Once the line with "Andemiu(アンデミュウ" is found in the data, output it and each following line exactly, up to and including the line with "מארז מחשב Lian-Li", and nothing before or after.

[LISTED ENTRIES — start]

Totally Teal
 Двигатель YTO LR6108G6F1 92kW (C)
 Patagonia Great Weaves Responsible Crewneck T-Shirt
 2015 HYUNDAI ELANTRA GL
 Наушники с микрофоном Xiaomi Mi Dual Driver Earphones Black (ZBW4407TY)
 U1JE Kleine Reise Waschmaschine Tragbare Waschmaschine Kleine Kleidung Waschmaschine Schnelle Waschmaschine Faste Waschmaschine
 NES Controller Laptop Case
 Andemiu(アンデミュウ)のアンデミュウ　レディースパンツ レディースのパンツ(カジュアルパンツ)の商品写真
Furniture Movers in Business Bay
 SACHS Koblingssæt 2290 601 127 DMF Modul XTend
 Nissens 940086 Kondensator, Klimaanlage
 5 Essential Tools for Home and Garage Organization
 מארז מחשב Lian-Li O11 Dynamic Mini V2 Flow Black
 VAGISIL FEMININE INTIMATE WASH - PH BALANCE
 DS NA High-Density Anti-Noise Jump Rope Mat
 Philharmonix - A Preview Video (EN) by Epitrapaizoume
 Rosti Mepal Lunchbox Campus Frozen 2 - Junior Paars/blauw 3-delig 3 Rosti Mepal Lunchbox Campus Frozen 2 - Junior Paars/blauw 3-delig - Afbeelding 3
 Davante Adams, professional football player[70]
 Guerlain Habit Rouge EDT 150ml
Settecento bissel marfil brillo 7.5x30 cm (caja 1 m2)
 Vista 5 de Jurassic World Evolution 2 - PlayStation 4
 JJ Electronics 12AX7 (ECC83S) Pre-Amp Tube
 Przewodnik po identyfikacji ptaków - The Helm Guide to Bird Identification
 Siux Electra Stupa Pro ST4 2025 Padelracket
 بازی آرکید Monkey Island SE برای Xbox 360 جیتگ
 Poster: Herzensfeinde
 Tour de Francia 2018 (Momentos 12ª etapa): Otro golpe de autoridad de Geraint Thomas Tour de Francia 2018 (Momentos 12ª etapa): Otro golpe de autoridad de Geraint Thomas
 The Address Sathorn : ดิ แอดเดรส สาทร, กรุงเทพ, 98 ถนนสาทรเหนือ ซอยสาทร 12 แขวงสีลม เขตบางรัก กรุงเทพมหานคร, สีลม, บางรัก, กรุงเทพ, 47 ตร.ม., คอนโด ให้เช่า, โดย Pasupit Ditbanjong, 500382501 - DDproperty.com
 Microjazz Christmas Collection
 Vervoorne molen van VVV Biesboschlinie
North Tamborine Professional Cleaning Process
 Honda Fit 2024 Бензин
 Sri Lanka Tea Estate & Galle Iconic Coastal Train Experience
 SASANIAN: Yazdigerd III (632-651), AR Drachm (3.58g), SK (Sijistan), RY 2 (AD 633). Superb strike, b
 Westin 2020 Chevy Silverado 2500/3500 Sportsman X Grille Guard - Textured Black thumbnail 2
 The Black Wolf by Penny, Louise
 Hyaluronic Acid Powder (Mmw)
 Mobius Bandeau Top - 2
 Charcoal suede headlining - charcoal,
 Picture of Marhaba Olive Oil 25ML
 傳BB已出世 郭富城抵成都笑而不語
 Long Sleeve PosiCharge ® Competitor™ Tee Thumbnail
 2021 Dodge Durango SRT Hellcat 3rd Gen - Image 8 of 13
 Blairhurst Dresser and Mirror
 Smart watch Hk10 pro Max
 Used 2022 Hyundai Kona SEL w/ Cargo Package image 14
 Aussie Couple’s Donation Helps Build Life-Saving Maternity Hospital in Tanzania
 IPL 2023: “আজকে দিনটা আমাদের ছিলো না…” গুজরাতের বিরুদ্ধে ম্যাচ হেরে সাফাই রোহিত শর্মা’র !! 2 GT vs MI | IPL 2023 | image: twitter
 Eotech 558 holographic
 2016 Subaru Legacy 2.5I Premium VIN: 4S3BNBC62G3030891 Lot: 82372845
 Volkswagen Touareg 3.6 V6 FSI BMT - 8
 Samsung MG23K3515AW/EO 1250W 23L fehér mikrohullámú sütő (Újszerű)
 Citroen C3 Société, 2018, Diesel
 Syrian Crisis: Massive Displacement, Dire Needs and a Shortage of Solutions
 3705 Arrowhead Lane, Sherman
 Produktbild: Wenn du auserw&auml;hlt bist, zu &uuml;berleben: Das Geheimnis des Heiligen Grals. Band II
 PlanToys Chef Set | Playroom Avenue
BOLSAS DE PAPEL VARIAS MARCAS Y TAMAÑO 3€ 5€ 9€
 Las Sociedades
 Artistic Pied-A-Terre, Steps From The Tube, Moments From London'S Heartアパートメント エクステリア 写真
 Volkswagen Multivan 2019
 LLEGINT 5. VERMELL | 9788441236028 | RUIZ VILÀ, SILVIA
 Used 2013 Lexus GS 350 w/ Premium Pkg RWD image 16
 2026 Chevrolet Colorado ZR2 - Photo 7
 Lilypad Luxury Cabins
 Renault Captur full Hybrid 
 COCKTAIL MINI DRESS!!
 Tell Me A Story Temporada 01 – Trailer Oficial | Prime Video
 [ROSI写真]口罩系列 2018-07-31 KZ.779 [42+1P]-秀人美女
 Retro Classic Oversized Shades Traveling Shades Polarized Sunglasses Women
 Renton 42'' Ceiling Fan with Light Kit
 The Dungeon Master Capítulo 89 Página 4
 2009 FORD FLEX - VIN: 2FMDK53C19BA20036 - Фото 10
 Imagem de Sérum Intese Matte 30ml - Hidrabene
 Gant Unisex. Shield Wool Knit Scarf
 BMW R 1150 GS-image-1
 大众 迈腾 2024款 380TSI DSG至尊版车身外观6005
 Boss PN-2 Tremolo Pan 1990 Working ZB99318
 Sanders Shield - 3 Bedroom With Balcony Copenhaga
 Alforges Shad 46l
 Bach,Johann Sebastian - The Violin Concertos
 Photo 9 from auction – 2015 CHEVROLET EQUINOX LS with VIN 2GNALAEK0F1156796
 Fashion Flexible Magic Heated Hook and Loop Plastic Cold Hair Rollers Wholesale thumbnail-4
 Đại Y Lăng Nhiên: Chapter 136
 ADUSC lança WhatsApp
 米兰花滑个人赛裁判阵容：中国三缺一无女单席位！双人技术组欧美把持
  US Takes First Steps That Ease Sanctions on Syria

[LISTED ENTRIES — finish]

• [EXERCISE ANSWER]
 Andemiu(アンデミュウ)のアンデミュウ　レディースパンツ レディースのパンツ(カジュアルパンツ)の商品写真
Furniture Movers in Business Bay
 SACHS Koblingssæt 2290 601 127 DMF Modul XTend
 Nissens 940086 Kondensator, Klimaanlage
 5 Essential Tools for Home and Garage Organization
 מארז מחשב Lian-Li O11 Dynamic Mini V2 Flow Black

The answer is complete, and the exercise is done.